ASSIGNMENT
When you reproduce the data, keep every word exactly as it stands and leave the pictures out.
━━━━━ ENTRIES PROVIDED ━━━━━
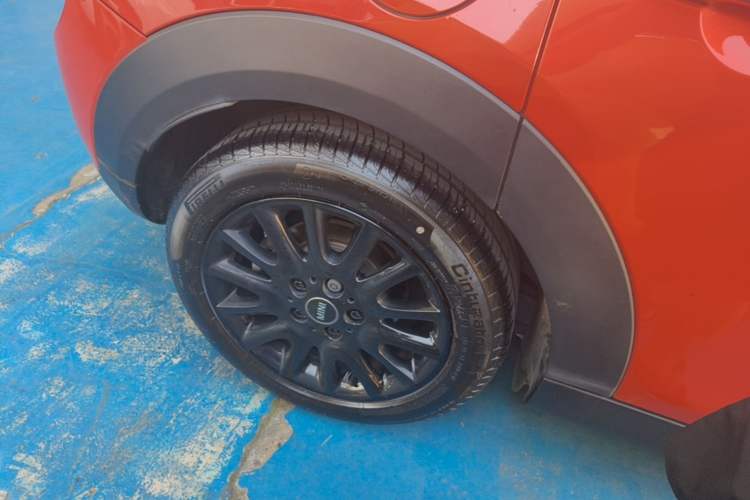 Used MINI 2018 1.5T ONE PLUS Five-Door Edition Right Rear Wheel Hub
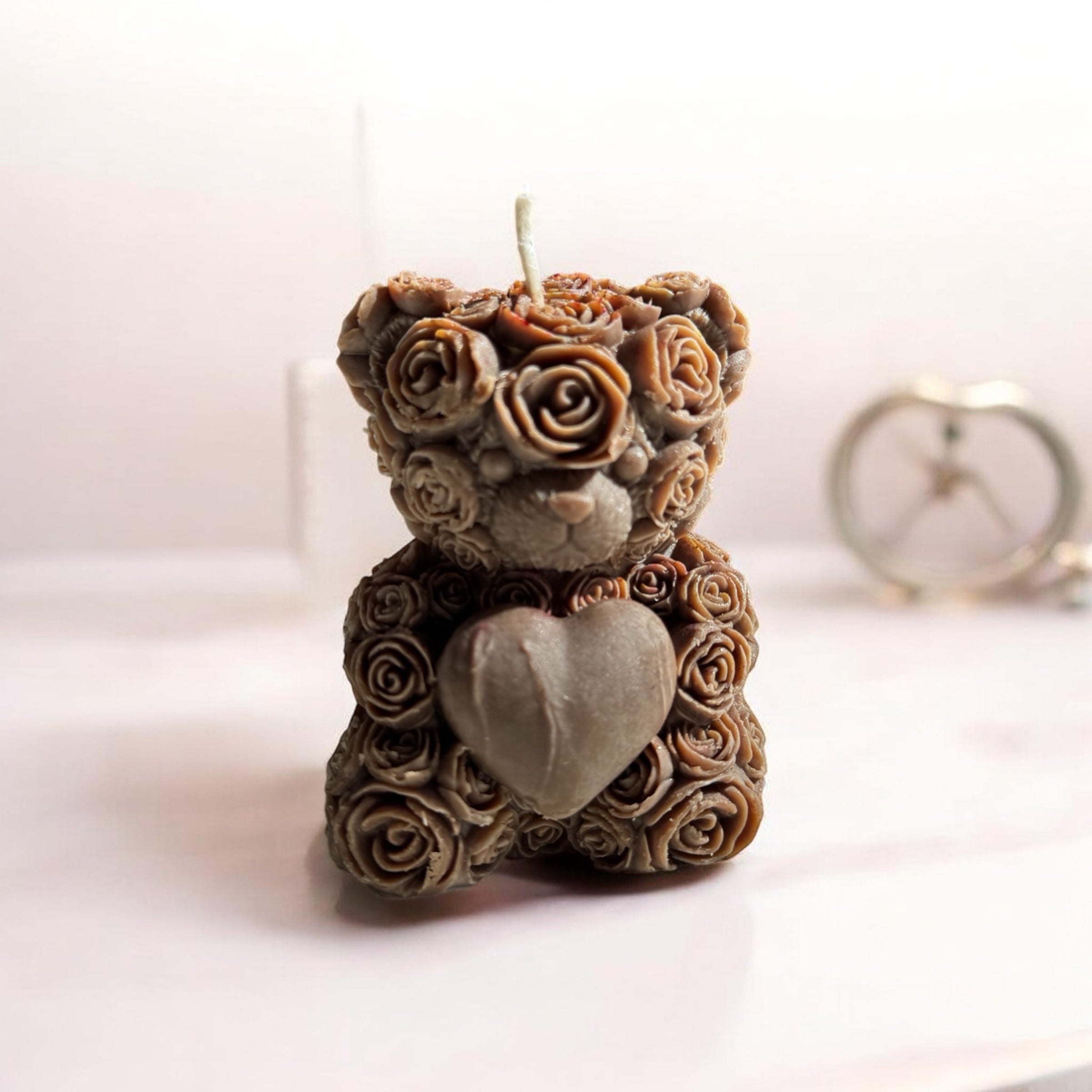 Handgemachte Bären-Kerze "Herz & Blumen" – Süßes Deko-Highlight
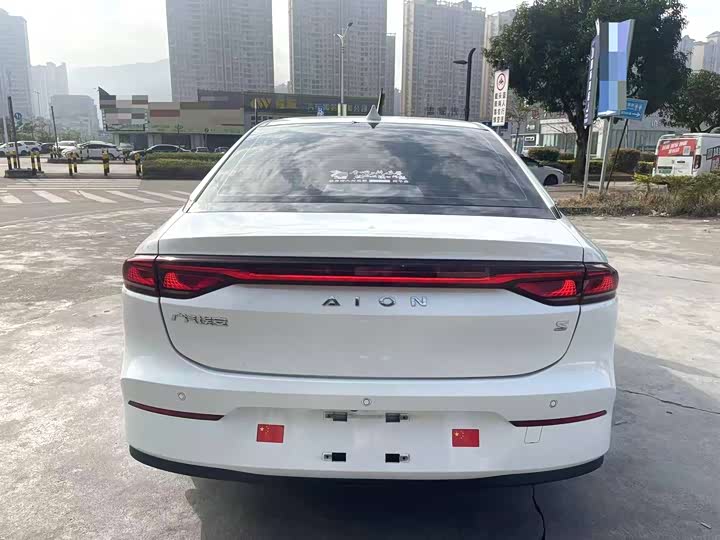 Фото 7 - GAC Aion S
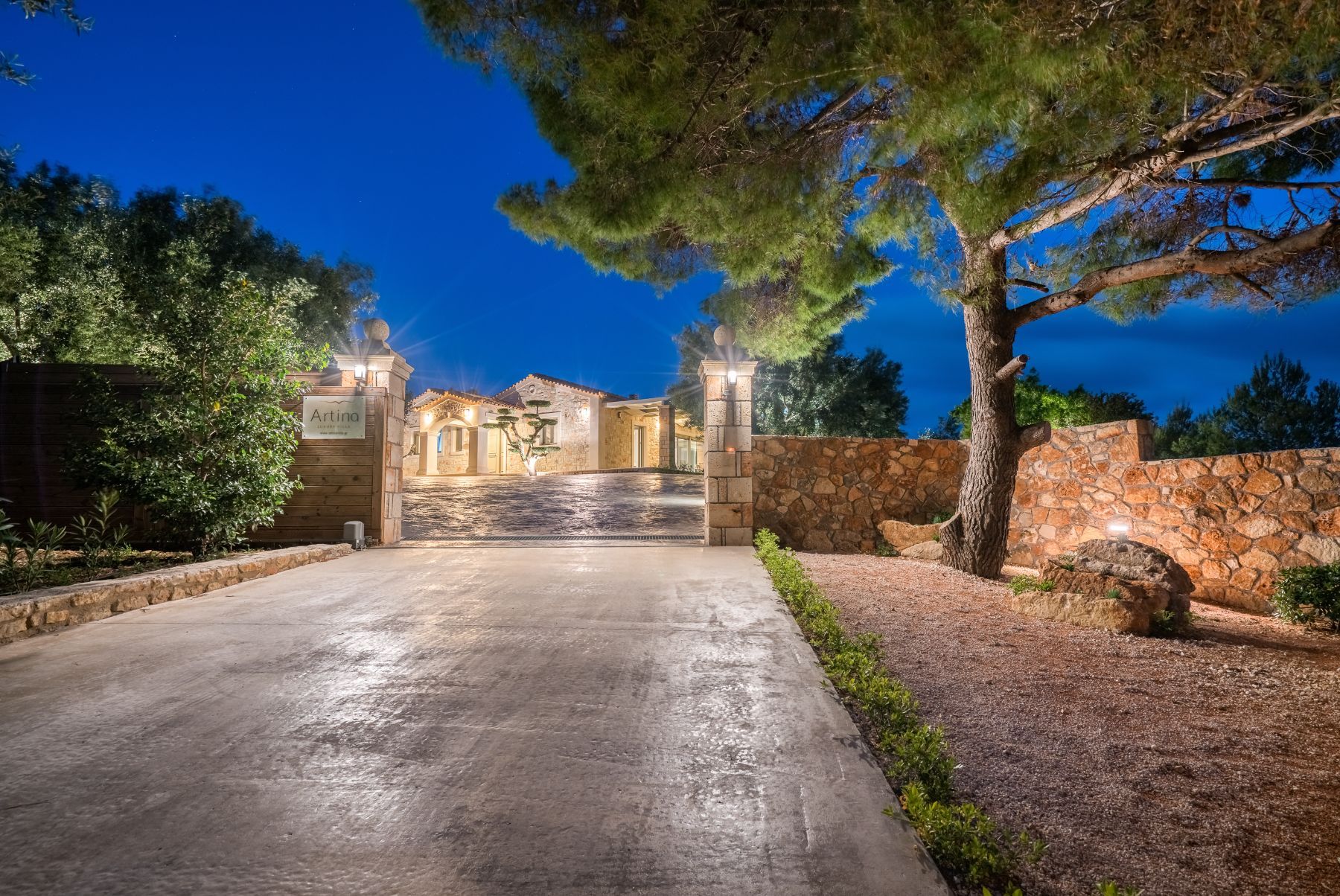 Ionian Queen villa photo.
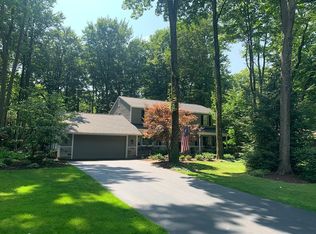 123 Middlebury Rd, Orchard Park, NY 14127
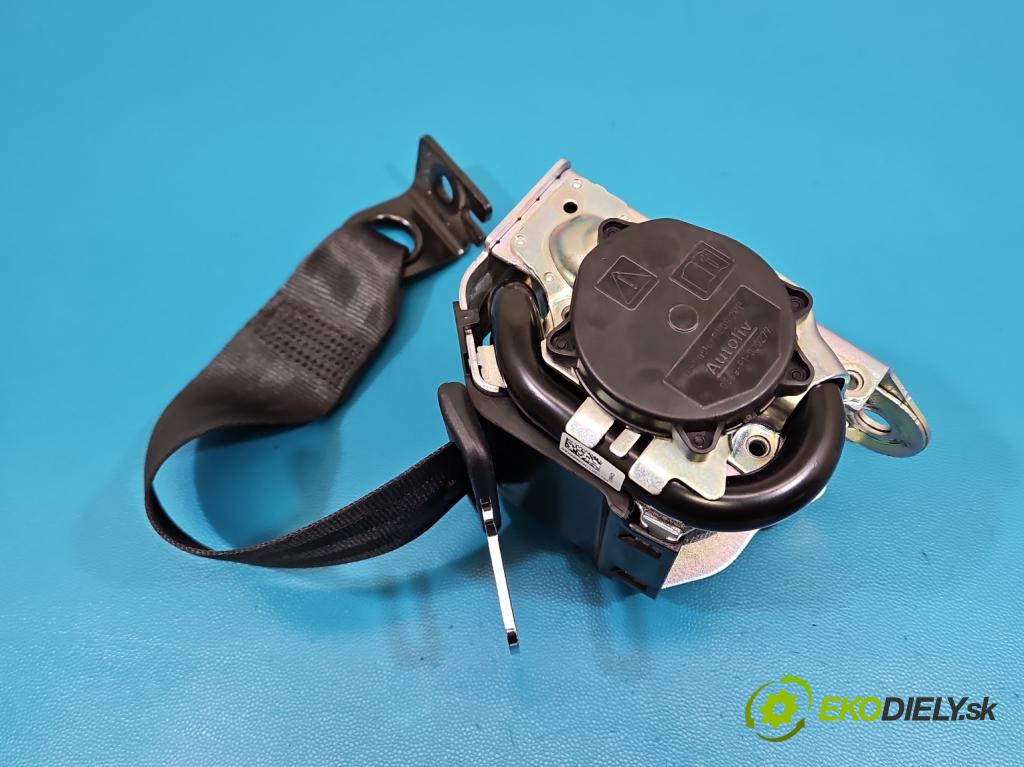 Jaguar F-Pace 16- 2.0d 241KM automatic 177 kW 1999 cm3 5- stěna bezpečnost zadní pravý 631752900C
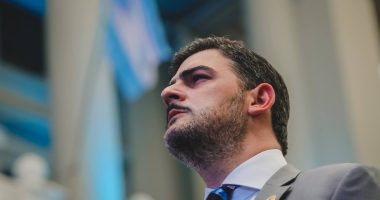 Allanamientos en RC tras críticas de Aquiles Álvarez – La Voz del Altiplano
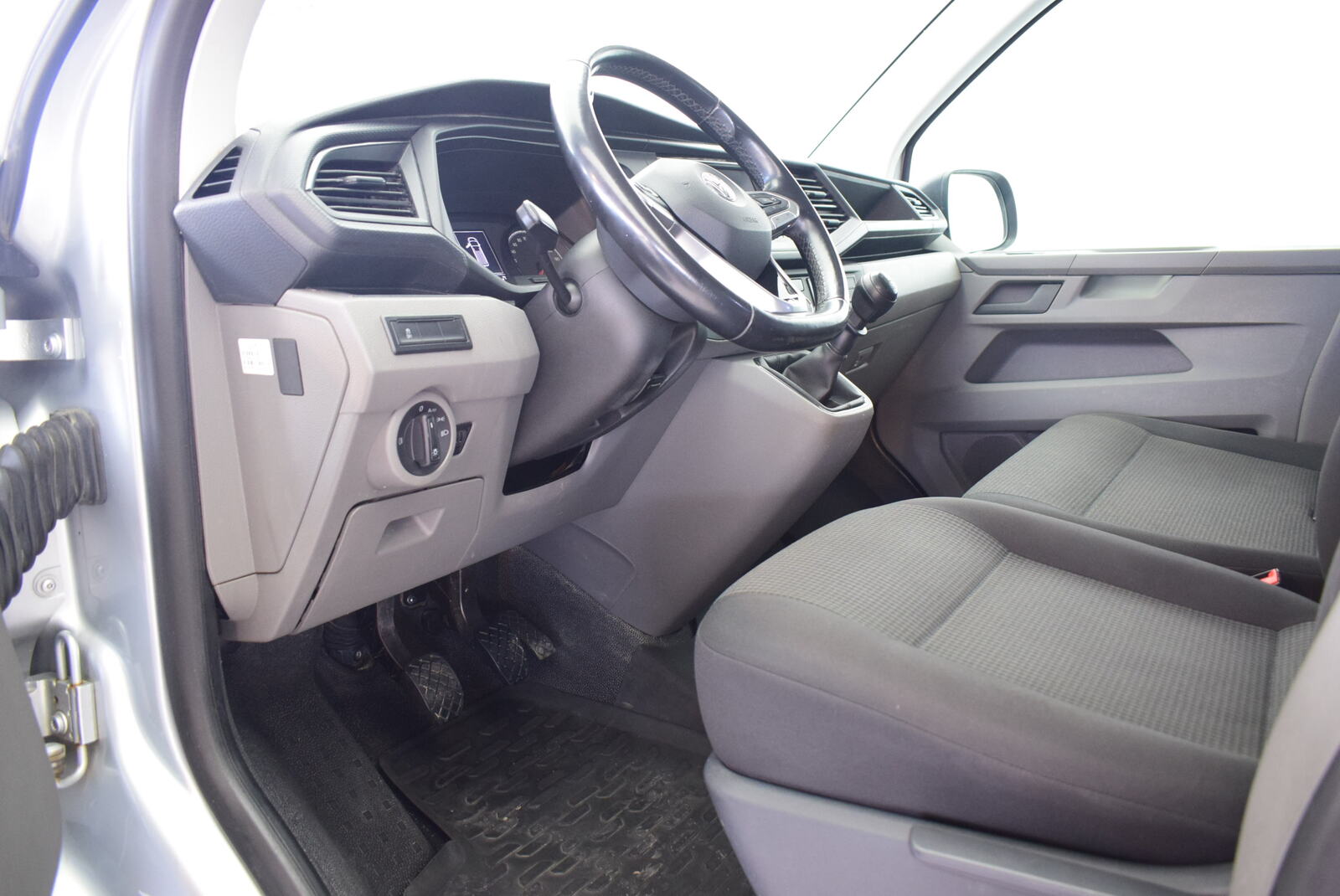 Volkswagen Transporter 2020, kuva 7/14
━━━━━
REPLY
 Used MINI 2018 1.5T ONE PLUS Five-Door Edition Right Rear Wheel Hub
 Handgemachte Bären-Kerze "Herz & Blumen" – Süßes Deko-Highlight
 Фото 7 - GAC Aion S
 Ionian Queen villa photo.
 123 Middlebury Rd, Orchard Park, NY 14127
 Jaguar F-Pace 16- 2.0d 241KM automatic 177 kW 1999 cm3 5- stěna bezpečnost zadní pravý 631752900C
 Allanamientos en RC tras críticas de Aquiles Álvarez – La Voz del Altiplano
 Volkswagen Transporter 2020, kuva 7/14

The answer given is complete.